Monsieur Titus Edzoa, cher compatriote, au nom de l’amour que nous avons tous les deux pour notre beau pays dont nous avons une haute idée absolument aux antipodes du triste sort qui lui est malheureusement fait à notre corps défendant, depuis plus trente ans, le militant et patriote que je suis, déclare solennellement être solidaire de votre combat future pour la libération véritable et l’honneur du Cameroun jusqu’ici foulés aux pieds. Peut-être, êtes-vous le maillon qui manquait à notre héroïque et noble lutte dont, le but ultime doit permettre au soleil, de briller de nouveau sur le Cameroun.

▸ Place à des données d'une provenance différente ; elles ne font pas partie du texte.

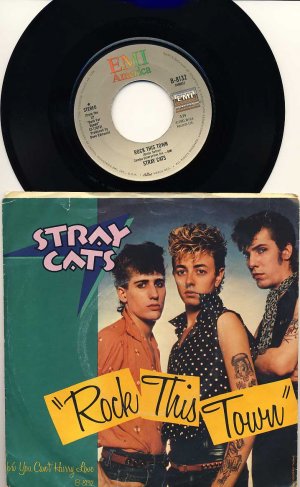 STRAY CATS Rock This / You Can't Hurry Love 45 with PS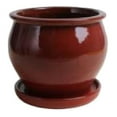 thumbnail image 1 of PG Perfect 10.91" x 10.91" x 29"' Oval Red Glazed Ceramic Plant Pot with Drainage Holes, 1 of 1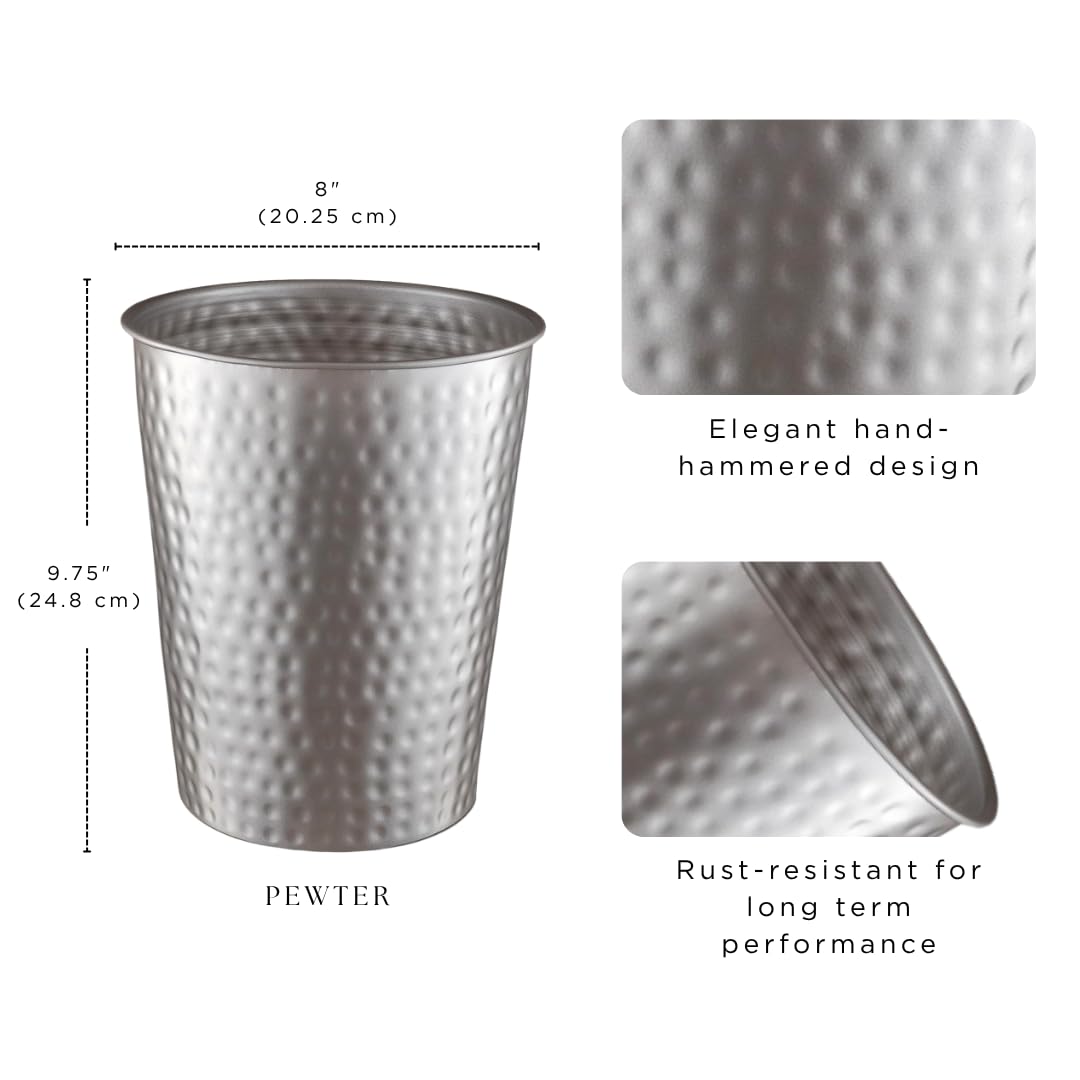Monarch Abode Pewter Hand Hammered Metal Wastebasket for Home Office Bedroom, Decorative Waste Basket, Modern Bathroom Garbage Can, Durable & Decorative Trash Bin, Pewter Bathroom Trash Can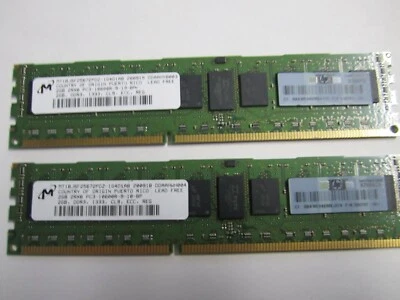 2 pcs "M" 2GB 2Rx8 PC3-10600R-9-10-BP MEMORY MODULES - Image 1 of 2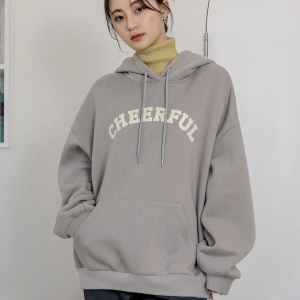 Dazy-Less Letter Graphic Drop Shoulder Drawstring Hoodie Without Tee Gri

Aux noms de tous les patriotes ayant un certain niveau de discernement politique et une certaine intelligence politique des événements, je vous souhaite la bienvenue dans notre combat car, comme vous, nous pensons que : « … qu’il faut toujours regarder l’avenir avec optimisme. Tout ce qui arrive même si apparemment cela paraît négatif ou tumultueux, il y a toujours un enseignement. Pour notre pays en ce moment c’est chacun qui doit être vigilant et surtout éviter la violence. Ça n’amène nulle part cette force physique. Souvent ceux qui veulent démontrer qu’ils sont forts démontrent par-là leur faiblesse cachée. Je suis un martial, vous le savez. Il faut être fort mais ce qui est important c’est la puissance. Quand cette force est mise en mouvement, il faut savoir la maîtriser. Il n’est pas question de démontrer qu’on est plus fort que l’autre. Il faut attendre un mouvement pour un intérêt collectif. Ce n’est pas pour un clan ni pour un groupe de personnes. C’est ça l’espoir du Cameroun. »

*Jean-Pierre Djemba,Militant de l’UPC depuis 1975,Fidèle collaborateur du Commandant Kissamba et membre de son Secrétariat Particulier (SPK),Secrétaire général du Conseil des Cameroun de la Diaspora (CCD).